Release Testing Is Risk Management Theatre - Agile Testing

In an agile team developers and testers collaborate on practices such as Test Driven Development and Acceptance Test Driven Development in accordance with the Test Pyramid strategy, which recommends a large number of automated unit and acceptance tests in proportion to a small number of automated end-to-end and manual tests.

Release Testing Is Risk Management Theatre - Test Pyramid

The Test Pyramid favours automated unit and acceptance tests as they offer a greater value at a lower cost. Test execution time and determinism are directly proportional to System Under Test size, and as automated unit and acceptance tests have minimal scope they provide fast, deterministic feedback. Automated end-to-end tests and exploratory testing are also valuable, but the larger System Under Test means feedback is slower and less reliable.

This testing strategy is a vast improvement upon its predecessor. Uniting developers and testers in a product team eliminates handover delays and recombines authority with responsibility, resulting in a continual emphasis upon product quality and lower lead times.

Release Testing Is Risk Management Theatre - Agile Testing Test Pyramid

Release Testing

“I was an operational acceptance tester. I worked in a separate testing team to the developers and functional testers. I never had time to find defects or understand requirements, and always got the blame” – Jamie

The transition from siloed development and testing teams to cross-functional product teams is a textbook example of how organisational change enables Continuous Delivery – faster feedback and improved quality will unlock substantial cycle time gains and decrease opportunity costs. However, all too often Continuous Delivery is impeded by Release Testing – an additional phase of automated and/or manual end-to-end regression testing, performed on the critical path independent of the product team.

Release Testing Is Risk Management Theatre - Release Testing

Release Testing is often justified as a guarantee of product quality, but in reality it is a disproportionately costly practice with little potential for defect discovery. The segregation of release testers from the product team reinserts handover delays into the value stream and dilutes responsibility for quality, increasing feedback loops and rework. Furthermore, as release testers must rely upon end-to-end tests their testing invariably becomes a Test Ice Cream Cone of slow, brittle tests with long execution times and high maintenance costs.

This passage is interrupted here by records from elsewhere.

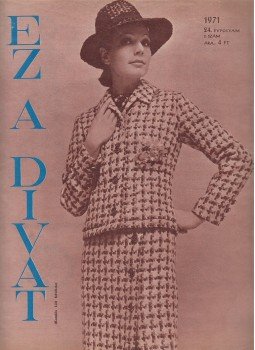 Faragó Ilona - Ez a divat 1971. 24. évfolyam 1. szám, Budapest 1971 antikvár könyv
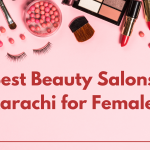 Best Beauty Salons in Karachi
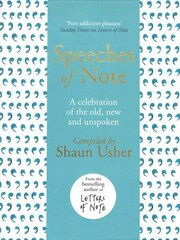 Speeches of Note: A celebration of the old, new and unspoken cena un informācija | Dzeja | 220.lv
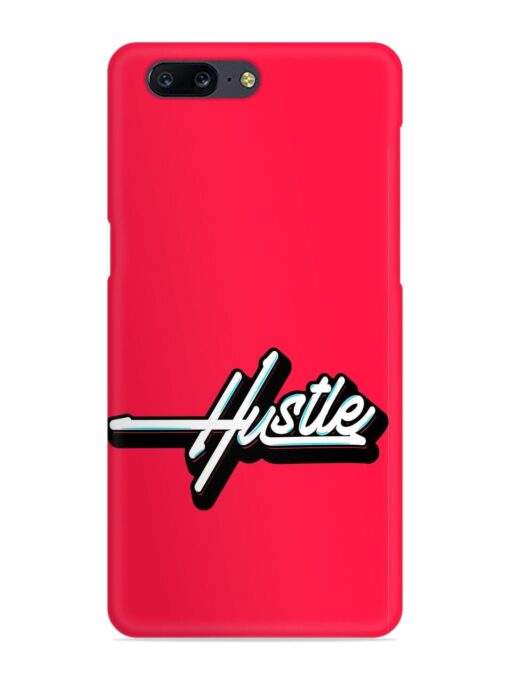 Hustle Snap Case for Oneplus 5 Zapvi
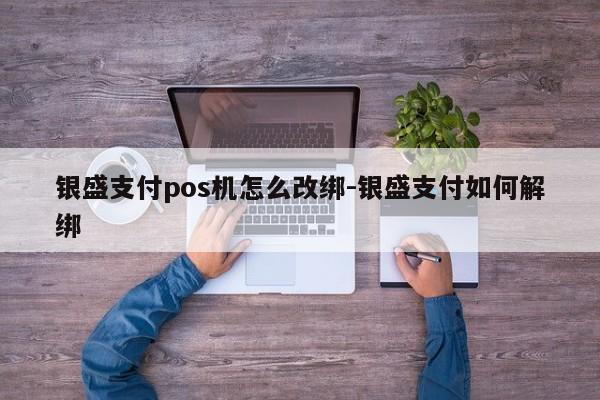 银盛支付pos机怎么改绑-银盛支付如何解绑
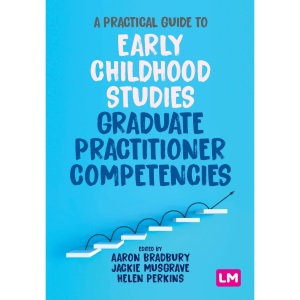 A Practical Guide to Early Childhood Studies Graduate Practitioner Competencies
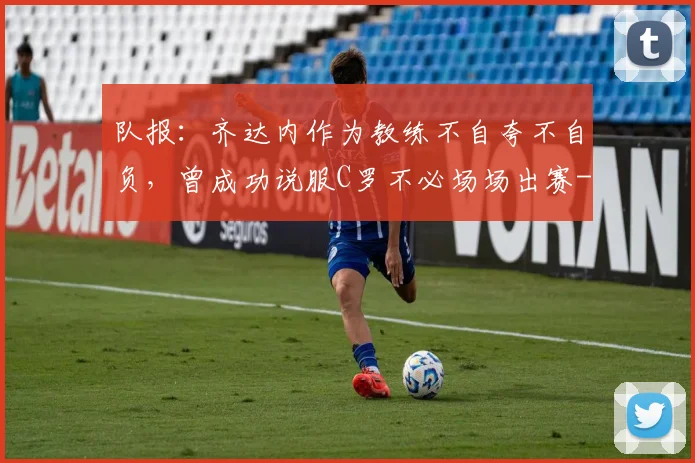 队报:齐达内作为教练不自夸不自负,曾成功说服C罗不必场场出赛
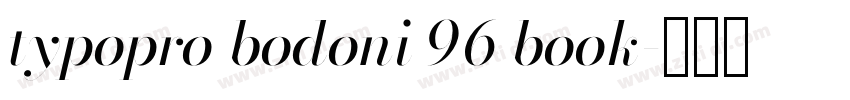 typopro bodoni 96 book字体转换 typopro bodoni 96 book字体转换
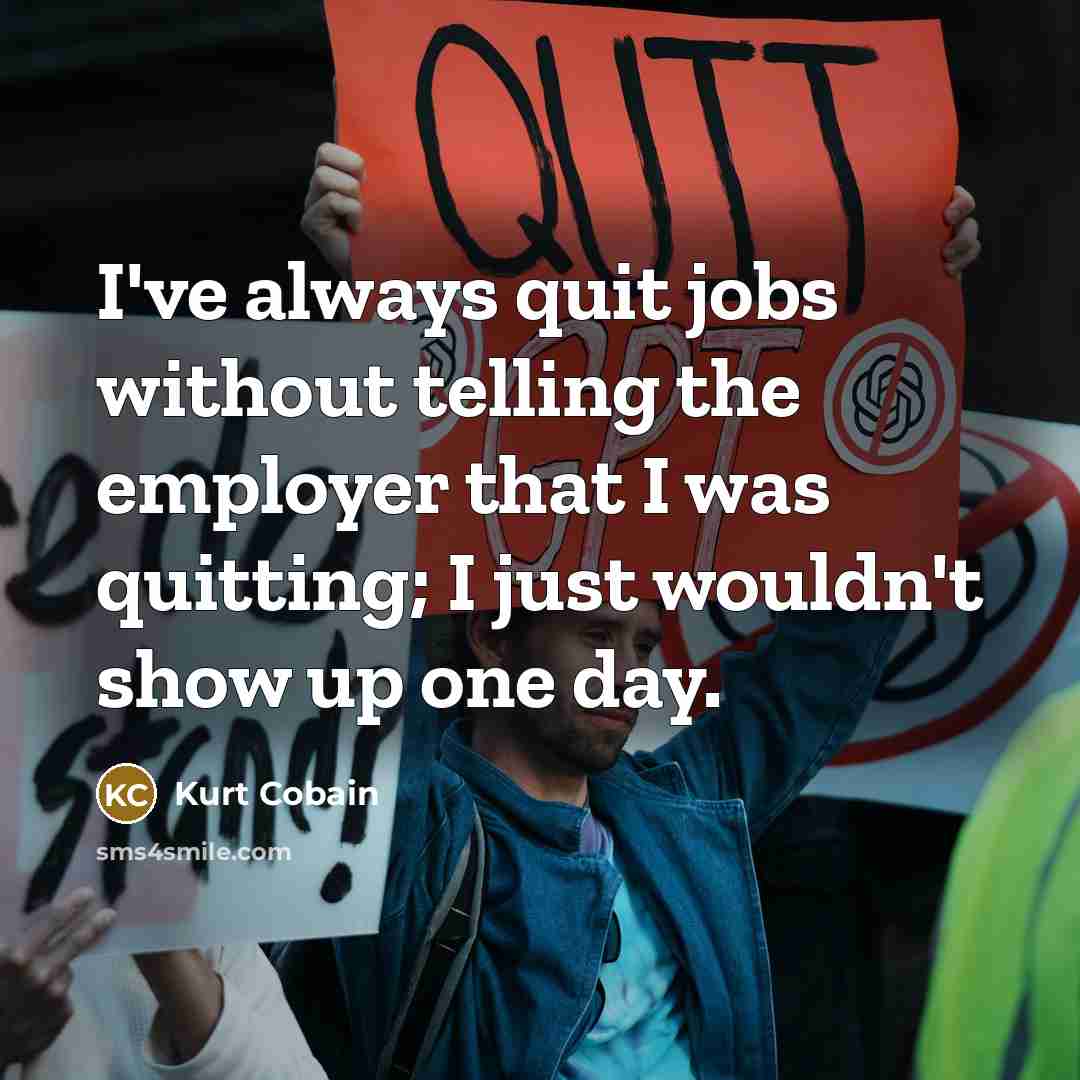 “I've always quit jobs without telling the employer that I was quitting; I just wouldn't show up one day.” quote by Kurt Cobain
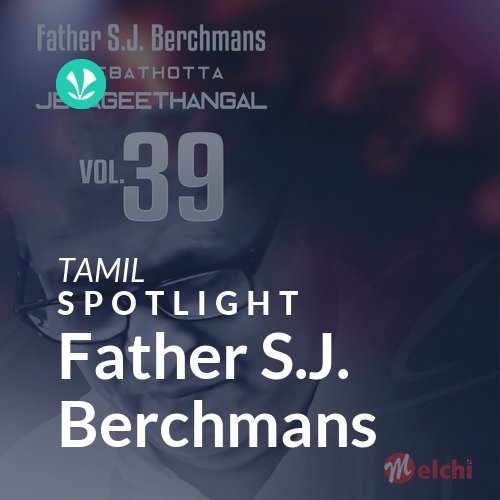 Father S.J. Berchmans - Spotlight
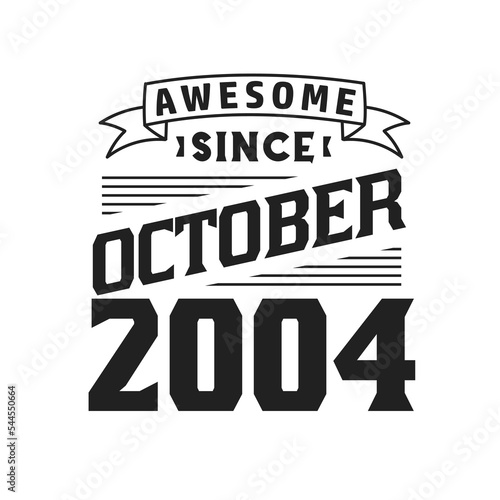 Awesome Since October 2004. Born in October 2004 Retro Vintage Birthday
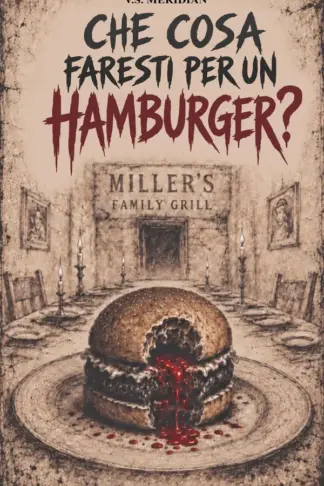 Copertina dell'ebook Che cosa faresti per un hamburger?: Il sapore proibito
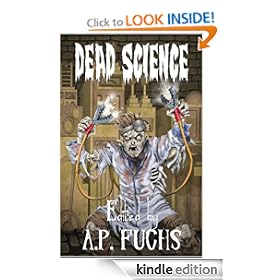 Dead Science: A Zombie Anthology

Release Testing Is Risk Management Theatre - Test Ice Cream Cone

The reliance of Release Testing upon end-to-end testing on the critical path means a low degree of test coverage is inevitable. Release testers will always be working to a pre-arranged business deadline outside their control, and consequently test coverage will often be curtailed to such an extent the blameless testers will find it difficult to uncover any significant defects.

Release Testing Is Risk Management Theatre - Release Testing Test Ice Cream Cone

When viewed through a Continuous Delivery frame the high cost and low value of Release Testing become evident, and attempting to redress that imbalance is a zero-sum game. Decreasing the cost of Release Testing means fewer end-to-end tests, which will decrease execution time but also decrease test coverage. Increasing the value of Release Testing means more end-to-end tests, which will increase test coverage but also increase execution time. Release Testing can therefore be considered an example of what Jez Humble describes as Risk Management Theatre – an overly-costly practice with an artificial sense of value.

Release Testing is high cost, low value Risk Management Theatre

Build Quality In

Continuous Delivery is founded upon the Lean Manufacturing principle of Build Quality In, and the advice of Dr. W. Edwards Deming that “we cannot rely on mass inspection to improve quality” is especially pertinent to Release Testing. An organisation should build quality into its product rather than expect testers to inspect quality in at a later date, and that means eliminating Release Testing by moving release testers back into the product team.

Release Testing Is Risk Management Theatre - No Release Testing

Folding release testers into product development removes the handover delays and responsibility barriers imposed by Release Testing. End-to-end regression tests can be audited by all stakeholders, with valuable tests retained and the remainder discarded. More importantly, ex-release testers will be freed up to work on higher-value activities off the critical path, such as exploratory testing and business analysis.

Batch Size Reduction

Given the limited value of Release Testing it is prudent to consider other risk reduction strategies, and a viable alternative supported by Continuous Delivery is Batch Size Reduction – releasing smaller changesets more frequently into production. Splitting a large experiment into smaller independent experiments reduces variation in outcomes, so by decomposing large changesets into smaller unrelated changesets we can reduce the probability of failure associated with any one changeset.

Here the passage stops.